The book is divided into two separate but connected parts. The first tells us the story of the American Civil War introducing the main characters in real life and as they are portrayed by the actors in the film. It is immediately clear the effort that Spielberg has gone to, to match his actors to their originals. The physical resemblances are astonishing. The whole section here, as throuhout the book generally, is lavishly illustrated with contemporary prints, photographs, cartoons, posters and bills.
David Rubel, the author has a dozen books on American history to his name, and gives us a detailed but accessible swing through the backgrounds, times and the arguments on both sides leading through the war to the passing of the Thirteenth Amendment. Spielberg, of course, has used Doris Goodwin’s critically acclaimed “Team of Rivals: The Political Genius of Abraham Lincoln” as the basis of the film.
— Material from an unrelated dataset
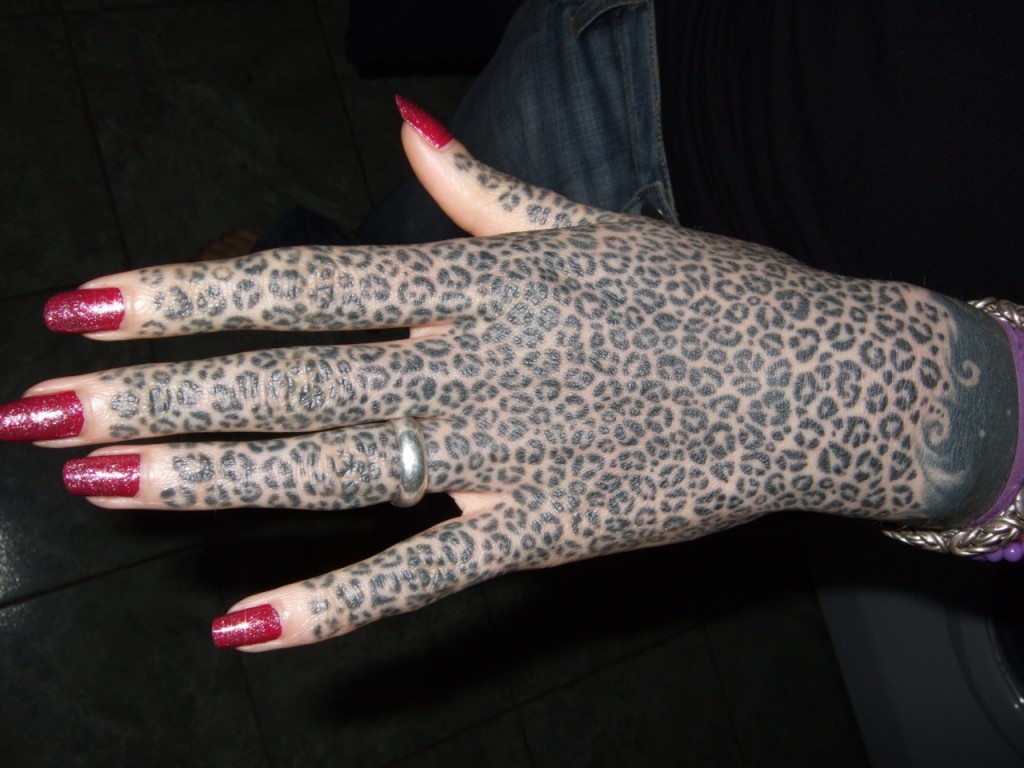 Tiger fur hand | Best tattoo design ideas | Leopard print tattoos, Stripe  tattoo, Tiger fur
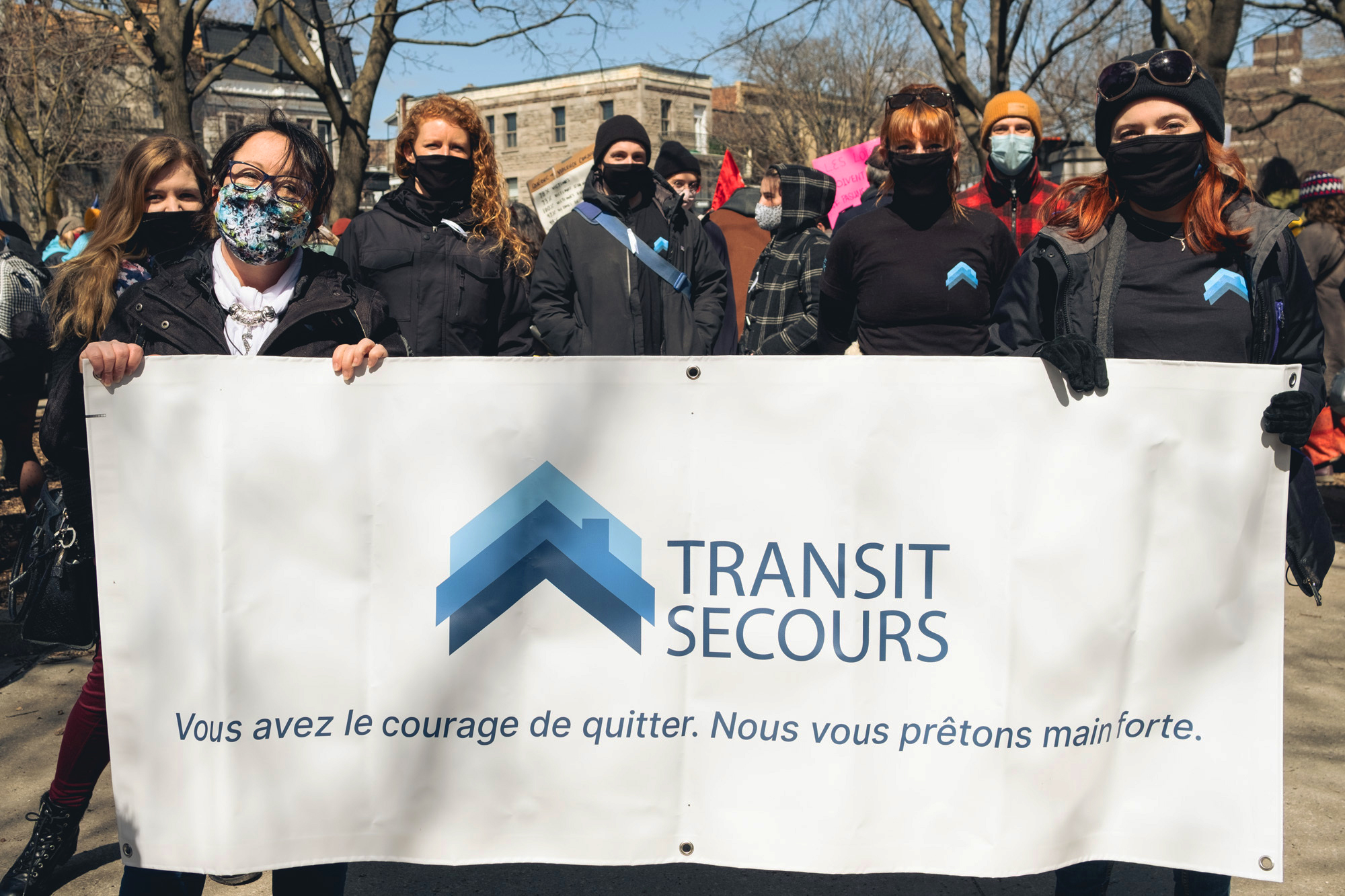 Women holding Transit Secours sign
It is the build-up to the passing of the Thirteenth Amendment, and on to Lincoln’s death which is the focus of the film and this is extensively detailed with lavish stills from the film.
The second part is, for me, even more gripping, as the author tells how the film itself was created in all its meticulous, even obsessional, detail. American historical drama, especially in Hollywood films has too often met with poor crits in Europe where they are often accused of being anachronistic, badly acted and poorly researched, when they are not just plain, downright wrong. With “Lincoln”, they need not worry. The book shows this was never going to be some cheap sloppy historical re-enactment in the “Black Shield of Falworth” manner. The reader is taken on a tour de force through costume, lighting, sound, and props. Oh the props section…
Anyone who has had any experience in theatre, from the school play or am-dram upwards, will appreciate this.
Nothing was left to chance, with Spielberg arranging for re-runs of contemporary stationery to strew the desks, ordering the making of old wallpaper and undertaking endless visits to flea markets and antique shops to source original props. Entire rooms were researched from contemporary records and then rebuilt for the film. Lincoln’s library is recreated with editions placed back on the shelves in the order he would have known them. Even ambient sound is recreated. I especially liked the anecdote that the tick of Lincoln’s pocket watch was specially recorded from the original, so that when you hear it in the film it is the real article.
Lincoln, in America, can inhabit a slightly mythical place in her history. Spielberg in “Lincoln” makes Lincoln the man more evident, becoming in front of us a real figure, struggling with all the contradictions and pressures of his day.
Clothes were researched from surviving examples and then reproduced down to the stitching. Lincoln’s personal lack of interest in what he wore is also there, with frayed cuffs and soup-stained shirts.
Hair and make-up are discussed in depth too. The shape, cut and texture, hat flattened and not quite as clean as today, greasy with Macassar oil, it’s all there.
We are being told that in the fight for real books over the Kindle electronic variety, publishers today need to raise their game in terms of the book as an art object. Well Disney has most certainly risen to the challenge. The production quality of this book is stunning; it is a delight to hold. It is a large book and definitely in the coffee table section. It even smells like a book should! It would be a perfect gift for the history or cinema buff or any good educational library.